• Provided data:
▬▬▬▬▬▬▬▬▬▬

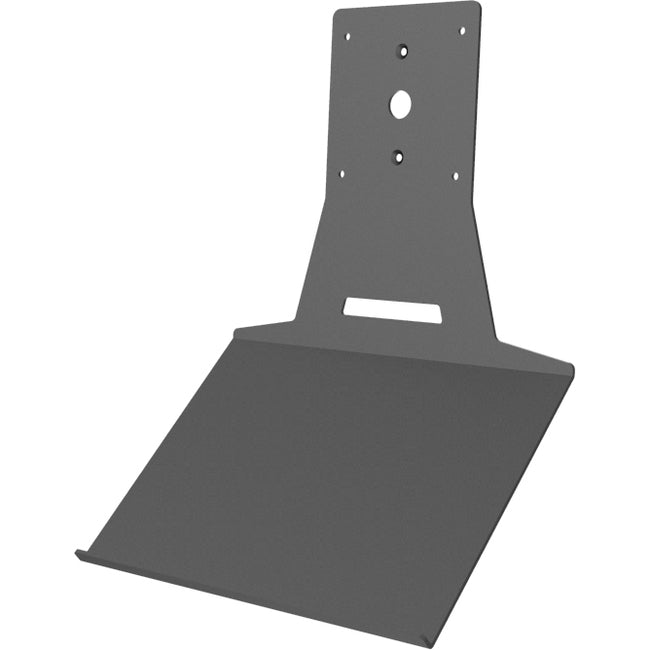Compulocks Mounting Tray for Keyboard - Black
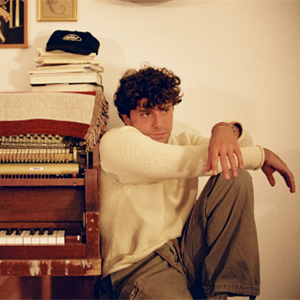 Mark Ambor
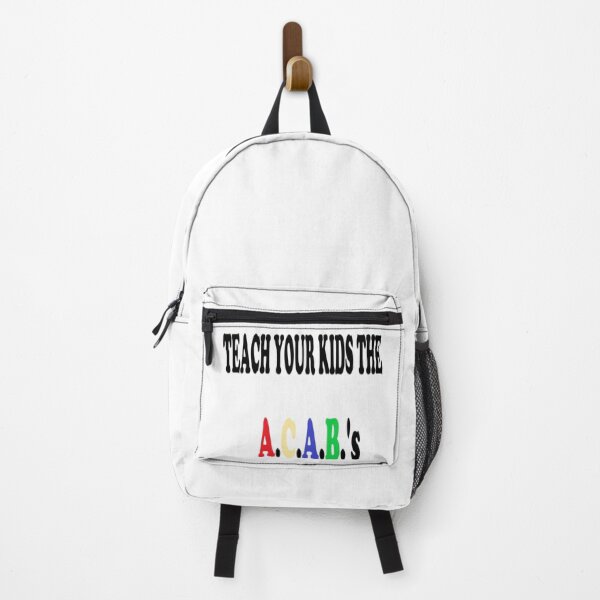 Item preview, TEACH EM PROPER! designed and sold by agravelymistake.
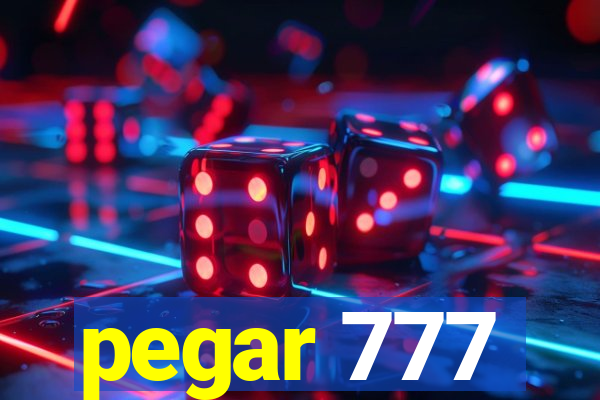 pegar 777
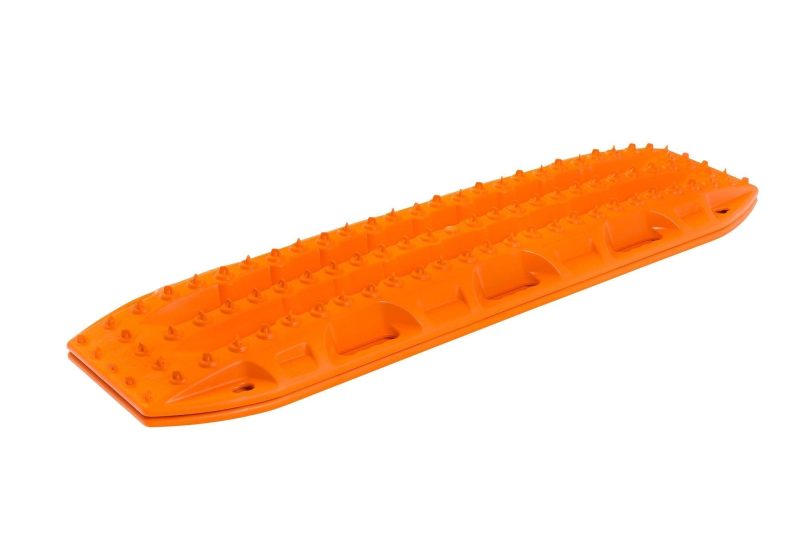 adventure imports recovery gear maxtrax mkii signature orange recovery boards 40352580796629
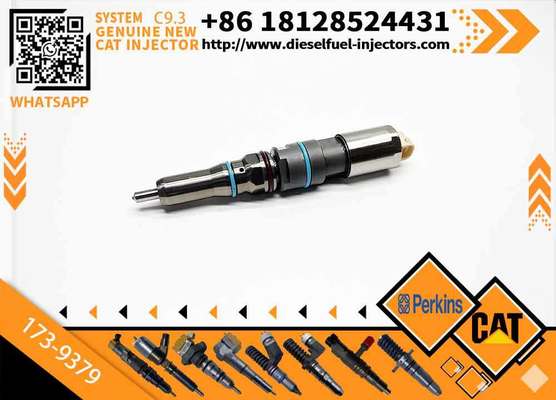 High Quality 173-9379 0R-9349 171-9704 173-9268 173-9272 diesel Fuel Injectors 232-1171 232-1168 222-5966 169-7408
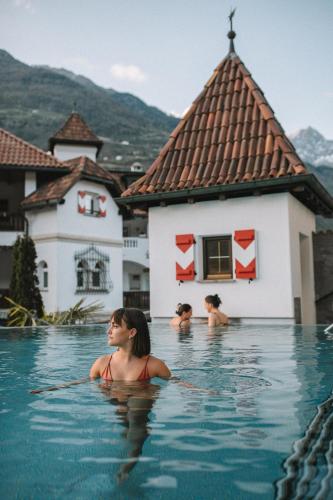 Vitalpina Hotel Schulerhof
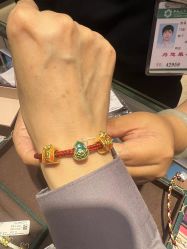 -周生生Chow Sang Sang(翠微店)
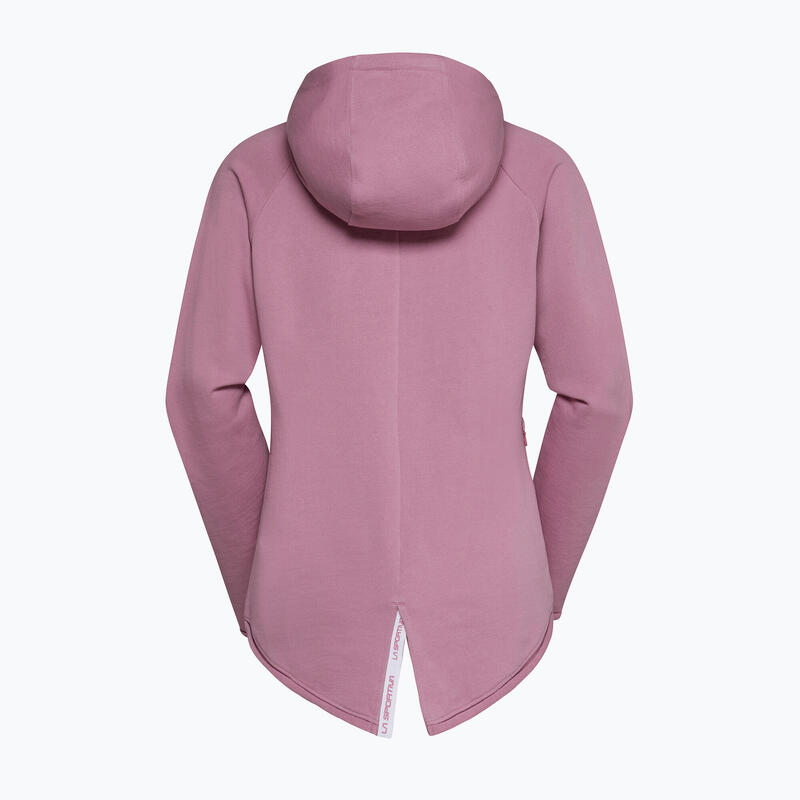 Hanorac damă La Sportiva Telendos Hoody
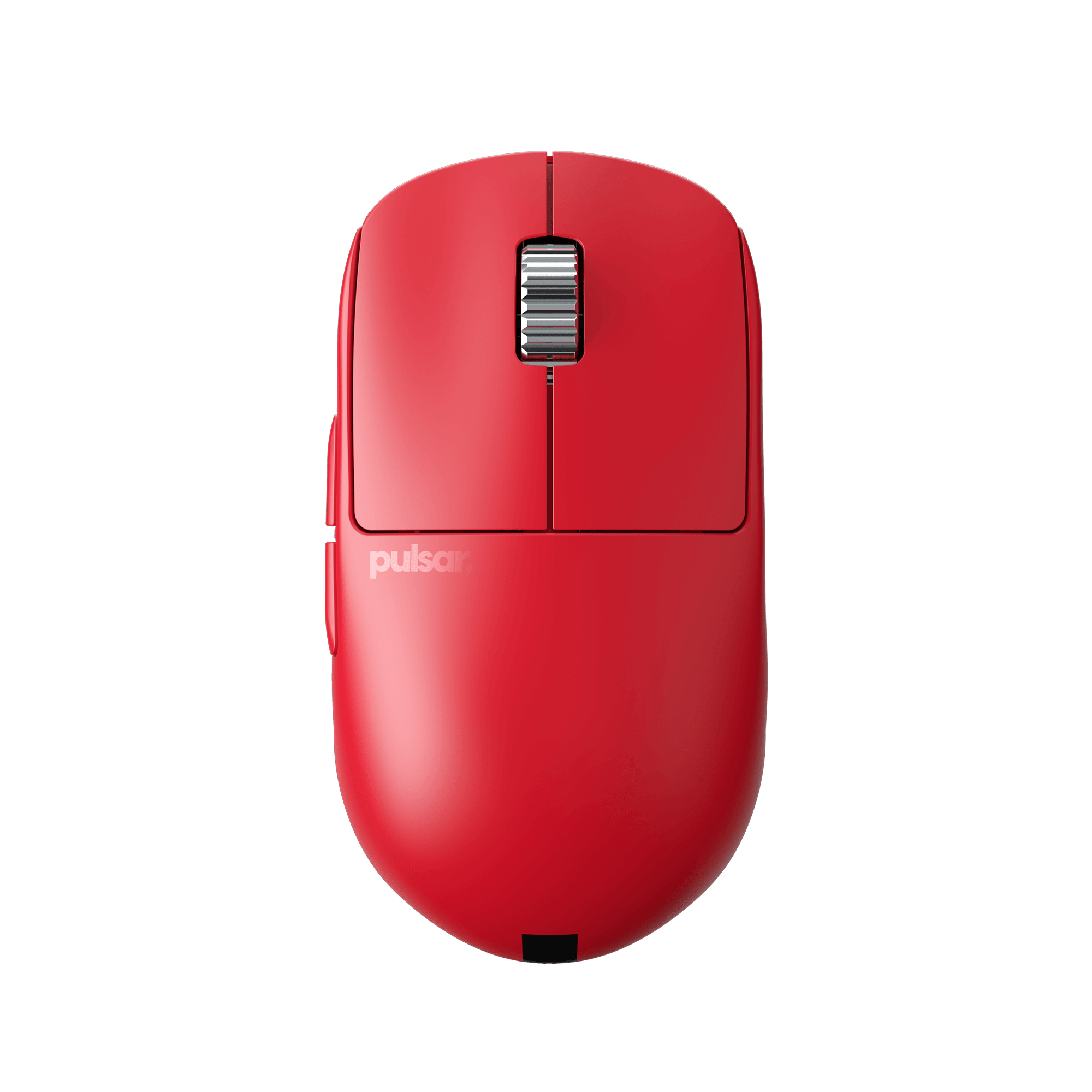 [Red Edition] X2H eS Gaming Mouse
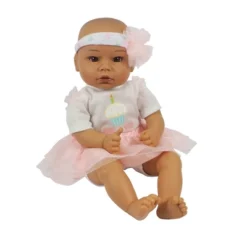 Madame Alexander Small Wonder 14" Party Time Set - Brown Eyes -Doll Paradise Shop GUEST 0d036657 71a6 4611 9569 9b6258725960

▬▬▬▬▬▬▬▬▬▬

• Assigned task: Word for word, please, restate the lines of the listing from the one holding "adventure imports recovery" down to the last line, leaving out any pictures.

• Task answer:
 adventure imports recovery gear maxtrax mkii signature orange recovery boards 40352580796629
 High Quality 173-9379 0R-9349 171-9704 173-9268 173-9272 diesel Fuel Injectors 232-1171 232-1168 222-5966 169-7408
 Vitalpina Hotel Schulerhof
 -周生生Chow Sang Sang(翠微店)
 Hanorac damă La Sportiva Telendos Hoody
 [Red Edition] X2H eS Gaming Mouse
 Madame Alexander Small Wonder 14" Party Time Set - Brown Eyes -Doll Paradise Shop GUEST 0d036657 71a6 4611 9569 9b6258725960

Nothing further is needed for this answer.